I’ll give you two more. Earlier in the year Paul Candies invited me to spend the weekend in his condo for the Charlotte Cup race, and I waffled on going or not going, but had some work to do there, so I decided to go and spent a lot of time with Paul and got to introduce him to my son. I had a great time. It was nice to just hang out and talk with him. Paul passed away this year, so it was a reminder of how sudden things can change. He was one of my father’s closest friends and he was the epitome of class and generosity. A great man.

The last was a few years ago at the Chicago race, I had a long day and we just finished helping a customer with brakes. I left the track around 11 at night and was tired. On my way out I just happened to walk through the pit area and Greek had his back trailer door down and there he was working inside by himself with a lone light on. I did not even say hello – just smiled and shook my head – I decided that I was not tired.

: Is it still fun for you to go to drag races? Why or why not?

JS: Yes, I still like to go. Really for the people, and I still enjoy watching the races at the finish line.

: Have you ever raced yourself or had the desire to do so? If so, what kind of car?

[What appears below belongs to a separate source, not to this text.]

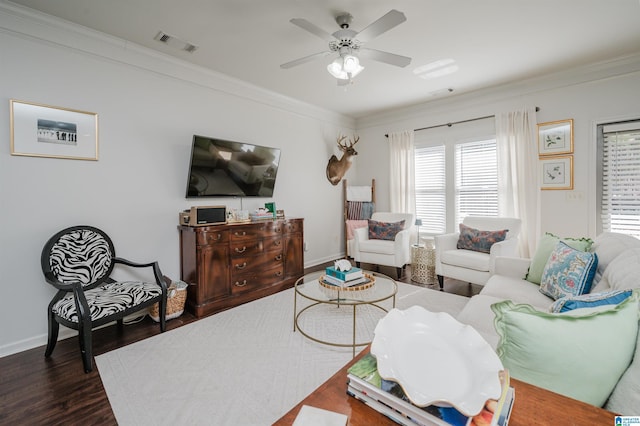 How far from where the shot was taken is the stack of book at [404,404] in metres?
0.60

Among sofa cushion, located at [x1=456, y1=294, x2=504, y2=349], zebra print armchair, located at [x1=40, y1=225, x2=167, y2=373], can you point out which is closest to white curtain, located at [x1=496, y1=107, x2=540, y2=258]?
sofa cushion, located at [x1=456, y1=294, x2=504, y2=349]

JS: Not competitively. I did attend Frank Hawley’s Drag Racing School after college – which I highly recommend if you never have raced. It was an awesome experience. The fastest I went was 8.50s in a dragster. I also went to a road racing school, which was fun as well. I did seriously think about it 20 years ago, but was just buried with my work. I had been given a golden opportunity by father and I did not want to disappoint him, so that was my focus. My work is very entwined with my personal life.